> **Task instructions**
Give back every record below in full and exactly, but without a single image.

> **Information provided**

-.-.-

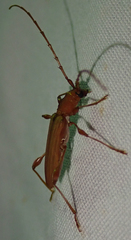 Cordylomera karschi
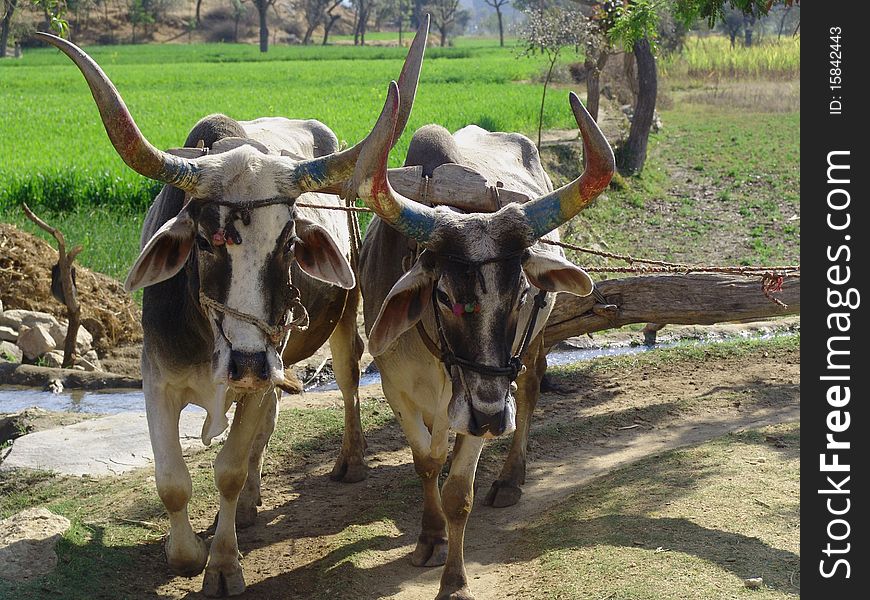 In the southern hills of the Aravalli Mountains the watering of the fields is still done by cows or by oxen. They draw the water, which is then distributed by a system of canals to the fields. In the southern hills of the Aravalli Mountains the watering of the fields is still done by cows or by oxen. They draw the water, which is then distributed by a system of canals to the fields.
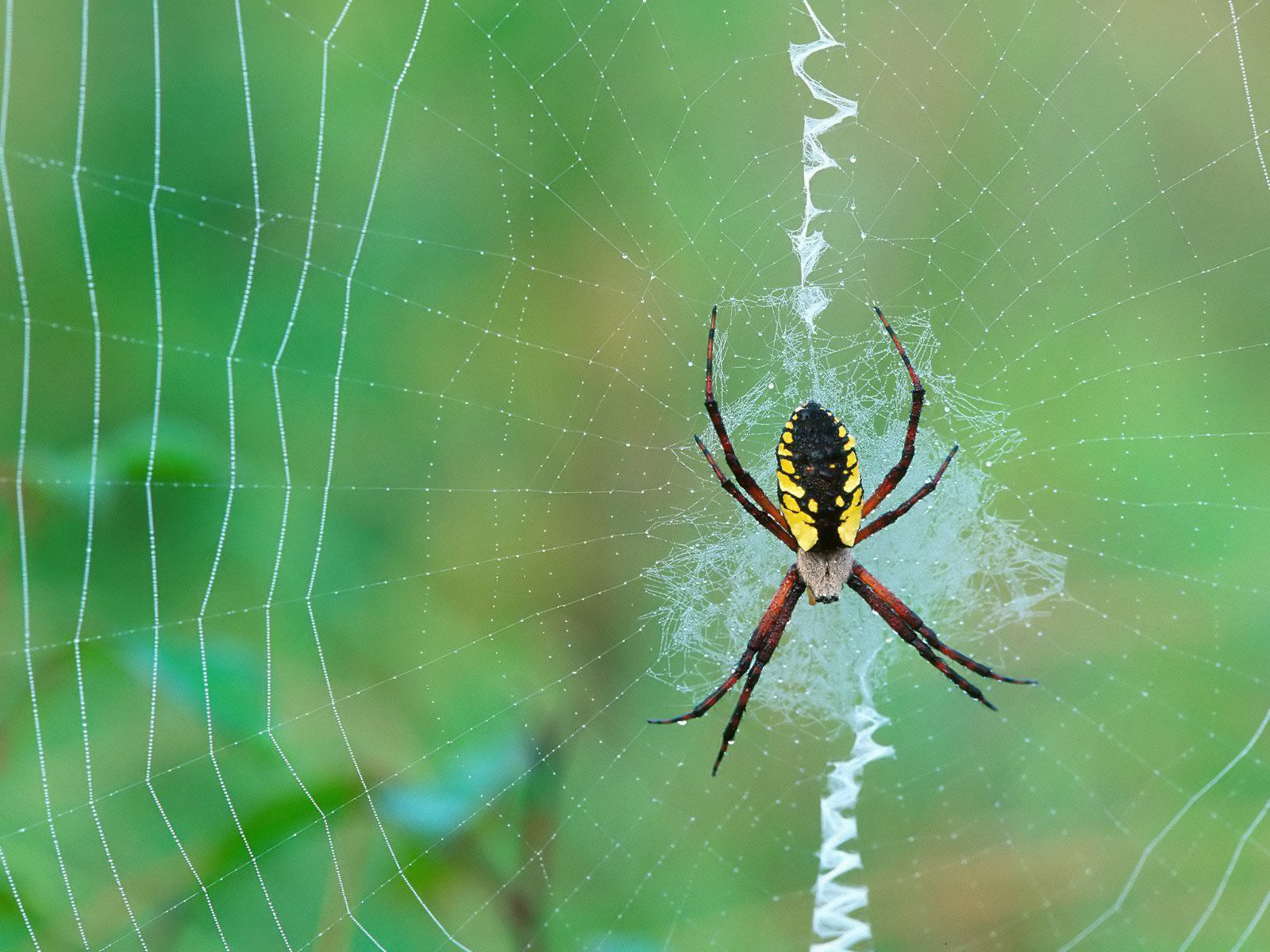 spiders web wallpaper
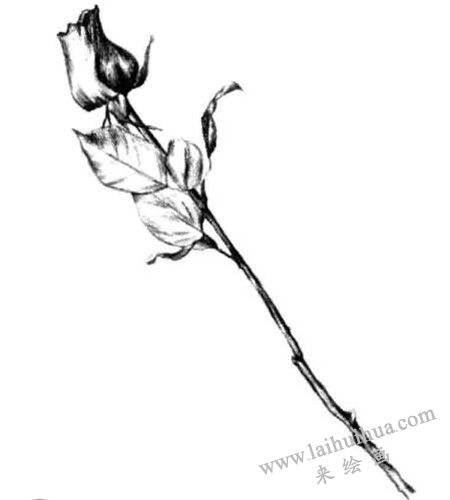 細(xì)化玫瑰花的暗面，玫瑰花素描畫法步驟四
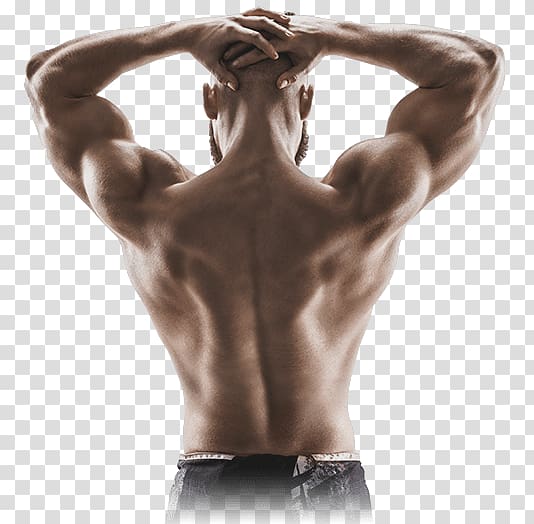 muscles clipart model back
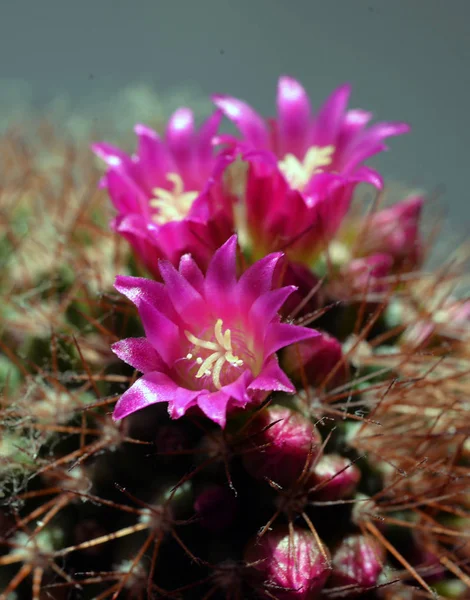 Cactus de bola en flor viva —  Fotos de Stock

-.-.-

> **Output of the task**
 Cordylomera karschi
 In the southern hills of the Aravalli Mountains the watering of the fields is still done by cows or by oxen. They draw the water, which is then distributed by a system of canals to the fields. In the southern hills of the Aravalli Mountains the watering of the fields is still done by cows or by oxen. They draw the water, which is then distributed by a system of canals to the fields.
 spiders web wallpaper
 細(xì)化玫瑰花的暗面，玫瑰花素描畫法步驟四
 muscles clipart model back
 Cactus de bola en flor viva —  Fotos de Stock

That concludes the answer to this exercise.